[WORK TASK]: Using the records below, repeat exactly the lines from the one holding "堺市美原区南余部の中古一戸建て" through the one holding "記者：于洋退役儀式前準備做什么，他只說中午回天津理個發(fā)罷了", both ends included, and no others.

Start of DATA SECTION

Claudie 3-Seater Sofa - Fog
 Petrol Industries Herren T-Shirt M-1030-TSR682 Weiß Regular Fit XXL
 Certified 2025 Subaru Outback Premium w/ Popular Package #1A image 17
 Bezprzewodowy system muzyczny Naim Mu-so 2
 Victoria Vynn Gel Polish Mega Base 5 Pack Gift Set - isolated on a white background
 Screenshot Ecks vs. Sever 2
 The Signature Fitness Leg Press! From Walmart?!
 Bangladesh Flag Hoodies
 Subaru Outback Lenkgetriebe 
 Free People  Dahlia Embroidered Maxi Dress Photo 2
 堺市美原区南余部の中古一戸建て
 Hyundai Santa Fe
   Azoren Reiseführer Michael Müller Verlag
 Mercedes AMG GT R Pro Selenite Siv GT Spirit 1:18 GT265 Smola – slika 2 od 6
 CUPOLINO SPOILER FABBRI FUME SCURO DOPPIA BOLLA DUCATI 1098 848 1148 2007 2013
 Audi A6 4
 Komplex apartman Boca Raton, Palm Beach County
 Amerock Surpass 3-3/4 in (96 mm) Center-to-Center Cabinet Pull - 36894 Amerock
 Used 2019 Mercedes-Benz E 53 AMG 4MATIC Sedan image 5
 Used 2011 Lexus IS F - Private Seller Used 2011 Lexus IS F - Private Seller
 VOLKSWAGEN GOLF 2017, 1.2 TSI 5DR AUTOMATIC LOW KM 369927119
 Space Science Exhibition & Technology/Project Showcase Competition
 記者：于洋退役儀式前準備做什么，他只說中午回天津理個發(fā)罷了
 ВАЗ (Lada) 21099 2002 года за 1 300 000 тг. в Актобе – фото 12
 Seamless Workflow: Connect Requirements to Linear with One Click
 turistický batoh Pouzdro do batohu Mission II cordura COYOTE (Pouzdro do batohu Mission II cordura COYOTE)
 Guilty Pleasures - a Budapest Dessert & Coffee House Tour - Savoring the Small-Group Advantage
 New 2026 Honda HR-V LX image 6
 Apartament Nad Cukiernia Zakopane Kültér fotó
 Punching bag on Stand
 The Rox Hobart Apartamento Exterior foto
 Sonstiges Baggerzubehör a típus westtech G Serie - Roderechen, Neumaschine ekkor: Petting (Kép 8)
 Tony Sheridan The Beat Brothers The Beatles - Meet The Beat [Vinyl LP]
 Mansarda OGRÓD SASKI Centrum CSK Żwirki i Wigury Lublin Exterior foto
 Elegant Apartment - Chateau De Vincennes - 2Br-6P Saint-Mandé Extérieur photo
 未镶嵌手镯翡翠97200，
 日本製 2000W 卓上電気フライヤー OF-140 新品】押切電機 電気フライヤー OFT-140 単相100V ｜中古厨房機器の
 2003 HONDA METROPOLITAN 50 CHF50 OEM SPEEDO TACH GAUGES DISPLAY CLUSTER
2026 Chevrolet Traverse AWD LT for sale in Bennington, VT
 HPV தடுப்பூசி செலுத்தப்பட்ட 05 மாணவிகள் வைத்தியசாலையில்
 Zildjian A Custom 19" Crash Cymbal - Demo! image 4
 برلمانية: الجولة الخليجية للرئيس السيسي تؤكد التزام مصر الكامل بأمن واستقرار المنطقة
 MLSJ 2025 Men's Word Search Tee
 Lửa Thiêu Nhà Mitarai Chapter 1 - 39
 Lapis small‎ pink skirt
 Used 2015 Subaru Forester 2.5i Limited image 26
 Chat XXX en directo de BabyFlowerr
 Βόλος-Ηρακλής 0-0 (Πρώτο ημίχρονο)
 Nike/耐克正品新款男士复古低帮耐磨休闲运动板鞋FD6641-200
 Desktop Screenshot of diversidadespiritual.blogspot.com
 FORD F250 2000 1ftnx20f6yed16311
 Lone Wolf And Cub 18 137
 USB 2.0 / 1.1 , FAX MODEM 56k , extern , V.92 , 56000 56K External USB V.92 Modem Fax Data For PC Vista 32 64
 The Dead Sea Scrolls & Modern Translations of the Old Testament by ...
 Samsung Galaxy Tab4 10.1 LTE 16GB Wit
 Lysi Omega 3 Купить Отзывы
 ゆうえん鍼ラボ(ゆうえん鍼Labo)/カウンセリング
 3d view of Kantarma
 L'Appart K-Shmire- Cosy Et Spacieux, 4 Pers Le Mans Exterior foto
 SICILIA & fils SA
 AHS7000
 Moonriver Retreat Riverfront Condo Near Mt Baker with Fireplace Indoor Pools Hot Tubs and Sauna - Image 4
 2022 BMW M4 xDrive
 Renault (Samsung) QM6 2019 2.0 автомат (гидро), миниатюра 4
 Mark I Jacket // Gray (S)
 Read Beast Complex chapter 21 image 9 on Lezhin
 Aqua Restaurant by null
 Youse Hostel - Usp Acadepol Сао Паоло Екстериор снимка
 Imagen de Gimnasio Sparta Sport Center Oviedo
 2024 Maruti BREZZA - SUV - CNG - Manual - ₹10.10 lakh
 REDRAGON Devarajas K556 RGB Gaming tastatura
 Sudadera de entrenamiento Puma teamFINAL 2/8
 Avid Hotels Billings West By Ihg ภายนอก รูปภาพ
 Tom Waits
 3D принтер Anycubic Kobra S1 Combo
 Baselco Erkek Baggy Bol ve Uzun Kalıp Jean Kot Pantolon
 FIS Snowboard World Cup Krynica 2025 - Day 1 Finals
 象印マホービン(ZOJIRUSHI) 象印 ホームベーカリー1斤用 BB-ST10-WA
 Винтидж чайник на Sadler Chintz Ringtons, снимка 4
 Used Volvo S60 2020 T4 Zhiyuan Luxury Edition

End of DATA SECTION

[ANSWER]:
 堺市美原区南余部の中古一戸建て
 Hyundai Santa Fe
   Azoren Reiseführer Michael Müller Verlag
 Mercedes AMG GT R Pro Selenite Siv GT Spirit 1:18 GT265 Smola – slika 2 od 6
 CUPOLINO SPOILER FABBRI FUME SCURO DOPPIA BOLLA DUCATI 1098 848 1148 2007 2013
 Audi A6 4
 Komplex apartman Boca Raton, Palm Beach County
 Amerock Surpass 3-3/4 in (96 mm) Center-to-Center Cabinet Pull - 36894 Amerock
 Used 2019 Mercedes-Benz E 53 AMG 4MATIC Sedan image 5
 Used 2011 Lexus IS F - Private Seller Used 2011 Lexus IS F - Private Seller
 VOLKSWAGEN GOLF 2017, 1.2 TSI 5DR AUTOMATIC LOW KM 369927119
 Space Science Exhibition & Technology/Project Showcase Competition
 記者：于洋退役儀式前準備做什么，他只說中午回天津理個發(fā)罷了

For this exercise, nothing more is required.